CF&I - which was owned by the Rockefeller family and Standard Oil - responded to the work strike by evicting the workers and their families from the company-owned housing. The workers maintained their resolve, however, setting up nearby tent communities and continuing the strike.
With the aid of the National Guard, the Rockefeller-owned corporation sought to break the strike, and on April 20, 1914, two companies of guardsmen descended on the tent colony near the town of Ludlow, resulting in a clash between the groups.
After the slaying of a strike leader - who was attempting to negotiate a truce - the guardsman began shooting at families fleeing the scene. All told, dozens of lives were lost during the strike, including that of several women and children.
The Name Rockefeller Has A Dark Legacy In Brazil
The Rockefeller Foundation - a philanthropic organization set up and operated by the wealthy family - began doing work in Brazil during World War I. Around this time, Brazilian elites had become infatuated with the so-called public health movement, which was largely designed around eugenics.
In 1918, the Rockefeller Foundation helped to create the Eugenic Society of São Paulo, and in doing so directly financed programs aimed at exterminating the poor and disabled, and those of mixed African descent throughout Brazil.
Later, in the 1960s, David Rockefeller - a banker who controlled Chase Manhattan - publicly declared the need for Brazil's then-leader João Goulart to be ousted.

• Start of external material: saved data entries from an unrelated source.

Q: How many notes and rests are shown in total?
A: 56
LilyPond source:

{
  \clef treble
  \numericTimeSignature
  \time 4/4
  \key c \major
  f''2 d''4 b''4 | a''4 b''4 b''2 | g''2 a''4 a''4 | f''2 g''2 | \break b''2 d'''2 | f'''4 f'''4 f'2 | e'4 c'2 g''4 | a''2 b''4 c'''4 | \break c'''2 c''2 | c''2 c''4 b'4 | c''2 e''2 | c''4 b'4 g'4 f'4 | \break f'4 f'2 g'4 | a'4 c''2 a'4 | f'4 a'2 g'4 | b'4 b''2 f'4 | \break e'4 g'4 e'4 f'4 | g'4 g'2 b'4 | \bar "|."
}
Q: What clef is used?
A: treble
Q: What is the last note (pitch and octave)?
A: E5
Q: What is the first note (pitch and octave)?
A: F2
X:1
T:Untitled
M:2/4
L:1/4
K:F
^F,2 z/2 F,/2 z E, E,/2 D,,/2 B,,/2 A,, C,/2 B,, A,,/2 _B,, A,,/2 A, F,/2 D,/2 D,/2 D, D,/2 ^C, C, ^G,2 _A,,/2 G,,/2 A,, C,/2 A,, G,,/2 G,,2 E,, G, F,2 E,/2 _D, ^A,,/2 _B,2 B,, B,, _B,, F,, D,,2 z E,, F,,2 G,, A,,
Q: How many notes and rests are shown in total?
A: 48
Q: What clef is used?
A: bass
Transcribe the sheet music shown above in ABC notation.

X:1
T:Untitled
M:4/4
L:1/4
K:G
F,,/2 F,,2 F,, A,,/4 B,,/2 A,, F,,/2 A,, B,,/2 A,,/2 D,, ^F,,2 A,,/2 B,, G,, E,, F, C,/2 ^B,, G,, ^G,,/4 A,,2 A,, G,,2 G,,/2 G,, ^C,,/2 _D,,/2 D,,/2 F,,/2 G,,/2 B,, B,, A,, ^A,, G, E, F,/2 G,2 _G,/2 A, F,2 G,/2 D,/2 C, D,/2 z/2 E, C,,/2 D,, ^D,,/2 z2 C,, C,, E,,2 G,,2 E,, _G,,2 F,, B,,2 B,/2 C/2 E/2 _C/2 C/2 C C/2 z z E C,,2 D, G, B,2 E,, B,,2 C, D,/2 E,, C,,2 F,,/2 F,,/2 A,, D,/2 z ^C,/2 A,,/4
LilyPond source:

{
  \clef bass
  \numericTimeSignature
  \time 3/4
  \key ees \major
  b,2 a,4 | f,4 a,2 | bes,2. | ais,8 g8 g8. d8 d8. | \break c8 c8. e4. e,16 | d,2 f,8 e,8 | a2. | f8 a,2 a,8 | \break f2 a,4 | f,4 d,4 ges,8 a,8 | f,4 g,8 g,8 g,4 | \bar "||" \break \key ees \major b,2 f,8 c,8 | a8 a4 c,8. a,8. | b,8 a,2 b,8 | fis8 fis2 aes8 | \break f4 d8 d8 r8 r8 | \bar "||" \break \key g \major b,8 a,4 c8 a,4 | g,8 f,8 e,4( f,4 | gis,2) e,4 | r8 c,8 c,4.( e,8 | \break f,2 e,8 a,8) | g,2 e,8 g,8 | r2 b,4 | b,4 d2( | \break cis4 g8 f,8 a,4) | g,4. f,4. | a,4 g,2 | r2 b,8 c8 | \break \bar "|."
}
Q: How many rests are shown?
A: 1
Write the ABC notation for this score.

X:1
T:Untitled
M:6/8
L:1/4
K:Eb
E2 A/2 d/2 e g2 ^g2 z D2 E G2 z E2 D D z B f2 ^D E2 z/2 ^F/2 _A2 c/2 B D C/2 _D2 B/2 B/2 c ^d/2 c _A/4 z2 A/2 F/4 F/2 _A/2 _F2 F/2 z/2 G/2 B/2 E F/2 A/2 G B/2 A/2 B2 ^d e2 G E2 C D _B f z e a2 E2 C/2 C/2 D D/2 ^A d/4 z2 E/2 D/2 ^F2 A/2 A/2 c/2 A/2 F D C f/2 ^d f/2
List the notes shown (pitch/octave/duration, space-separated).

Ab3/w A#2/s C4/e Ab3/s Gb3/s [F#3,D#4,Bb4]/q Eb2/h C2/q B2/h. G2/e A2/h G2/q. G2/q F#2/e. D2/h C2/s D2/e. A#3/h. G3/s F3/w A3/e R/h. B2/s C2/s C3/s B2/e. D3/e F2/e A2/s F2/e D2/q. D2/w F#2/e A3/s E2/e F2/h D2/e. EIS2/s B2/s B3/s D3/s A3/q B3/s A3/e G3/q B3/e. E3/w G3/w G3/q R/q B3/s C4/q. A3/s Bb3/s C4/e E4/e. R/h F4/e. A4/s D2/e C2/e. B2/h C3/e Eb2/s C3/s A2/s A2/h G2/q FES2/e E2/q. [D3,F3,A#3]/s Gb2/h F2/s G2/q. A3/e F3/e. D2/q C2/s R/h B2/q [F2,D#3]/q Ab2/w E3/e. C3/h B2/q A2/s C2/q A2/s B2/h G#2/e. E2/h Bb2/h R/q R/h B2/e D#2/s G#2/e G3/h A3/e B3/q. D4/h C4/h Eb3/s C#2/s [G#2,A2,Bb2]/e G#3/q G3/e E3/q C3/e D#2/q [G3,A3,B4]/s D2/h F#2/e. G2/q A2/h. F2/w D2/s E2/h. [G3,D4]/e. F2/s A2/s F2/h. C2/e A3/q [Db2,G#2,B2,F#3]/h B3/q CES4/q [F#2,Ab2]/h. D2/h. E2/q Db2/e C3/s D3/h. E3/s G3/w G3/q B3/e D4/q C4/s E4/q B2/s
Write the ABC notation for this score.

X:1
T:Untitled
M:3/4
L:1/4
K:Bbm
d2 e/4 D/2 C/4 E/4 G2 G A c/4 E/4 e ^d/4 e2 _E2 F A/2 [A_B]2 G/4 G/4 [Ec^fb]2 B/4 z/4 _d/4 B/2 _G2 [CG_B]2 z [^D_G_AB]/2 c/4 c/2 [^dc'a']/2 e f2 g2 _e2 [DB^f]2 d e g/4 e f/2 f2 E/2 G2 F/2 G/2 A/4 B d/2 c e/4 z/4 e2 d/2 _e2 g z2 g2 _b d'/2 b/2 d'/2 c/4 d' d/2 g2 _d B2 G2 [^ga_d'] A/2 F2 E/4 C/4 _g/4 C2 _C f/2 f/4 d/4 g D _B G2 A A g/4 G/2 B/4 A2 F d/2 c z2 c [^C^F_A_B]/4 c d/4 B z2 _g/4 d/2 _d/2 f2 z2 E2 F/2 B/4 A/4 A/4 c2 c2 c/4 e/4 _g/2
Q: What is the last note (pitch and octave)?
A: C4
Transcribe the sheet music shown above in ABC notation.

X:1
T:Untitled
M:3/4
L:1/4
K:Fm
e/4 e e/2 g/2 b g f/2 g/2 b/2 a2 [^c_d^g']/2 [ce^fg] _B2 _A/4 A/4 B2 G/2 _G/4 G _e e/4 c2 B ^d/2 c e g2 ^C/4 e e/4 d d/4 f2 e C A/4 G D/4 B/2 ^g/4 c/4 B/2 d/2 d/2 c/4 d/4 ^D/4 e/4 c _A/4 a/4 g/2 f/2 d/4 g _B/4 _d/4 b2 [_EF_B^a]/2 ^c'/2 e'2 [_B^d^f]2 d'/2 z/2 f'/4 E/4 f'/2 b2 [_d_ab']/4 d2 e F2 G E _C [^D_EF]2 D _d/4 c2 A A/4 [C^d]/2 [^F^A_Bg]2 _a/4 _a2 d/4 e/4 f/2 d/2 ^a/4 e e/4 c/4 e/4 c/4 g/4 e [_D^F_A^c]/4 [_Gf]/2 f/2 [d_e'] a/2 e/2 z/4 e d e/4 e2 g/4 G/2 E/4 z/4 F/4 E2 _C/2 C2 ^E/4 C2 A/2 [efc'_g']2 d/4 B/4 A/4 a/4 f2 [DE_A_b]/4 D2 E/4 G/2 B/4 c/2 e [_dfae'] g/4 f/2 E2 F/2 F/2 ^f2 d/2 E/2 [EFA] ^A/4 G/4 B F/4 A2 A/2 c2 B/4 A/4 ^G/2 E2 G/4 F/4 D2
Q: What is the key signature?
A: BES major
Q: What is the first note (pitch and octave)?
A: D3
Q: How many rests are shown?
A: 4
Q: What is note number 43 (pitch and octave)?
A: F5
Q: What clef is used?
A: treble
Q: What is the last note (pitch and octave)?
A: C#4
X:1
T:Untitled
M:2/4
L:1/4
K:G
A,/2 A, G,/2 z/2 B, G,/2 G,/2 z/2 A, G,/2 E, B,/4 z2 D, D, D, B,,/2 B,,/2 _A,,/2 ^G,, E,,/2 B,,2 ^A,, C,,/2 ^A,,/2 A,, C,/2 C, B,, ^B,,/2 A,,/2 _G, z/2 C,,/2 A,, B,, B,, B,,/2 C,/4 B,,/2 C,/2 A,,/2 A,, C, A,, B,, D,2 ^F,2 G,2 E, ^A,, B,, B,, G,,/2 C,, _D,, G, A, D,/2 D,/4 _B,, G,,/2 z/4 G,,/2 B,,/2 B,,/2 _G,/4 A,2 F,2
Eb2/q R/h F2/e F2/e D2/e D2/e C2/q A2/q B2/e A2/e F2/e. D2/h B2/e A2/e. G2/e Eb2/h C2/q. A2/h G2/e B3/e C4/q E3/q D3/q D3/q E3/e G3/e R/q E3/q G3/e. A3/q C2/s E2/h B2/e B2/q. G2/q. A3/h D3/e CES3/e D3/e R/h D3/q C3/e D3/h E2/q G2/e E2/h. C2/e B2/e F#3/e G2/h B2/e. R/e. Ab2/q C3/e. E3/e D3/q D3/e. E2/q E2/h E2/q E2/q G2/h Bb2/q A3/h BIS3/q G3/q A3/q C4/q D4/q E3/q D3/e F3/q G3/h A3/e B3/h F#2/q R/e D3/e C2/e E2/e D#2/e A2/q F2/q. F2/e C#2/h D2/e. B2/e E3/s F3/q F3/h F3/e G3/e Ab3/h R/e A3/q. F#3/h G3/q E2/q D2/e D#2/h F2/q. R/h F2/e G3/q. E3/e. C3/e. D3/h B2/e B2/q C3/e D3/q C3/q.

Following the acknowledgment that Brazil's leadership was bad for US business, Rockefeller was part of a group that invested more than $12 million in the 1962 Brazilian elections.
Rockefeller's continued support for anti-Communist groups played a large role in the 1964 coup that removed Goulart and installed a military dictatorship.
John D. Rockefeller Hired Soldiers To Fight For Him In The Civil War
Though John D. Rockefeller considered himself to be an abolitionist (even writing an anti-slavery essay in high school), he did not take up arms and join the Union forces during the Civil War. Citing the fact he was the primary provider for his family, he received an exemption and instead hired soldiers to go and fight on his behalf.
This was not an uncommon practice for those with the means, and though Rockefeller gave remorseful statements about not fighting, his commodities business profited greatly from the conflict. So much so that, by the time the war was over, Rockefeller was in an opportune position to capitalize on the budding oil industry.